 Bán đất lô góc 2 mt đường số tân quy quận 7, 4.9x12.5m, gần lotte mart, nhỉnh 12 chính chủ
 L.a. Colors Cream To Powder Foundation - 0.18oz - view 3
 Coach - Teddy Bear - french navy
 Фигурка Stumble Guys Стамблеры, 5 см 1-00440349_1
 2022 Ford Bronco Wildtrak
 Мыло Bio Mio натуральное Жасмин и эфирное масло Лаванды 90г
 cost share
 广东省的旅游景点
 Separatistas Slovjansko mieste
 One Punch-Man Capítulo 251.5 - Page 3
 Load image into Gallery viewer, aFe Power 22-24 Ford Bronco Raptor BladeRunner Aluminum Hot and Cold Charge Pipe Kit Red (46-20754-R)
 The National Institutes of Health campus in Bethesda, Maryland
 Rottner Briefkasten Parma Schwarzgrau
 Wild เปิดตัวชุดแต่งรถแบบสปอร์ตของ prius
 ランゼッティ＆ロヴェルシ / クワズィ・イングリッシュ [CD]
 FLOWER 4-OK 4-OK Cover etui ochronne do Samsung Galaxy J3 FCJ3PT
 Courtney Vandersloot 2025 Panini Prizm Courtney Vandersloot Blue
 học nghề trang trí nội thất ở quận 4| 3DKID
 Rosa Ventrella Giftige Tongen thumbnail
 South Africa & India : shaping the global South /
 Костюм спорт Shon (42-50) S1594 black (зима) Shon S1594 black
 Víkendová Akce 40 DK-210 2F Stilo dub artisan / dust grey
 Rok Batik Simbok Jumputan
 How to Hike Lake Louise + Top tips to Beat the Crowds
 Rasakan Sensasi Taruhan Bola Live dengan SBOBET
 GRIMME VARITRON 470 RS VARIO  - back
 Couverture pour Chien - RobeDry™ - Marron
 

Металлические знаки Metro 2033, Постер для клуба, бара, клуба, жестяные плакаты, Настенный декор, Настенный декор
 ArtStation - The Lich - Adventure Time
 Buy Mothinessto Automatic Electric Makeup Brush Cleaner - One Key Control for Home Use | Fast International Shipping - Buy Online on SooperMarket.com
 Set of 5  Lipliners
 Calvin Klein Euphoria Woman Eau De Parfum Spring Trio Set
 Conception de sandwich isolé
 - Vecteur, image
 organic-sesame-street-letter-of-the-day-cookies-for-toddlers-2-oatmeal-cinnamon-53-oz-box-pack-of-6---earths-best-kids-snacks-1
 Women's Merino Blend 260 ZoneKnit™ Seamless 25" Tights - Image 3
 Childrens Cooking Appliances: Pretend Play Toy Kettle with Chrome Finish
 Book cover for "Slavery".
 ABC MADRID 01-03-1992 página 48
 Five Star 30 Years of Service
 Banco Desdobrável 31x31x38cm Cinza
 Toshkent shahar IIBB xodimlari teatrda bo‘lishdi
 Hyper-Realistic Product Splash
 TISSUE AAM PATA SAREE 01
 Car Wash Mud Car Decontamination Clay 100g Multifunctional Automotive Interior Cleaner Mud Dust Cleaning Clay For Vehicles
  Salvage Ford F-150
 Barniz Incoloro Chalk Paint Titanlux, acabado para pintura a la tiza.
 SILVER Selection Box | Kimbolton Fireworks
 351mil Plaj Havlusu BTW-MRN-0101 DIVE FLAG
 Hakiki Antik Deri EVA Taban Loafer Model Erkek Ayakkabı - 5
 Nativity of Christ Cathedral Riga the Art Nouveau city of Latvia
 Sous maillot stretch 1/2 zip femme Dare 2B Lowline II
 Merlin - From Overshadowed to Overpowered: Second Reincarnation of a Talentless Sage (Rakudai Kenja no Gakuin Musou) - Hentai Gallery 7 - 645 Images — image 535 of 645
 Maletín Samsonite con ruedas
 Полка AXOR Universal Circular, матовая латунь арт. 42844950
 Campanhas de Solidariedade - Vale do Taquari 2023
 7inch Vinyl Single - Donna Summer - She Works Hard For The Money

_What the task asks:_ What you return should be the lines from the start of the data through the line with "Couverture pour Chien - RobeDry™ - Marron", quoted exactly and nothing more.

_Solution to this task:_
 Bán đất lô góc 2 mt đường số tân quy quận 7, 4.9x12.5m, gần lotte mart, nhỉnh 12 chính chủ
 L.a. Colors Cream To Powder Foundation - 0.18oz - view 3
 Coach - Teddy Bear - french navy
 Фигурка Stumble Guys Стамблеры, 5 см 1-00440349_1
 2022 Ford Bronco Wildtrak
 Мыло Bio Mio натуральное Жасмин и эфирное масло Лаванды 90г
 cost share
 广东省的旅游景点
 Separatistas Slovjansko mieste
 One Punch-Man Capítulo 251.5 - Page 3
 Load image into Gallery viewer, aFe Power 22-24 Ford Bronco Raptor BladeRunner Aluminum Hot and Cold Charge Pipe Kit Red (46-20754-R)
 The National Institutes of Health campus in Bethesda, Maryland
 Rottner Briefkasten Parma Schwarzgrau
 Wild เปิดตัวชุดแต่งรถแบบสปอร์ตของ prius
 ランゼッティ＆ロヴェルシ / クワズィ・イングリッシュ [CD]
 FLOWER 4-OK 4-OK Cover etui ochronne do Samsung Galaxy J3 FCJ3PT
 Courtney Vandersloot 2025 Panini Prizm Courtney Vandersloot Blue
 học nghề trang trí nội thất ở quận 4| 3DKID
 Rosa Ventrella Giftige Tongen thumbnail
 South Africa & India : shaping the global South /
 Костюм спорт Shon (42-50) S1594 black (зима) Shon S1594 black
 Víkendová Akce 40 DK-210 2F Stilo dub artisan / dust grey
 Rok Batik Simbok Jumputan
 How to Hike Lake Louise + Top tips to Beat the Crowds
 Rasakan Sensasi Taruhan Bola Live dengan SBOBET
 GRIMME VARITRON 470 RS VARIO  - back
 Couverture pour Chien - RobeDry™ - Marron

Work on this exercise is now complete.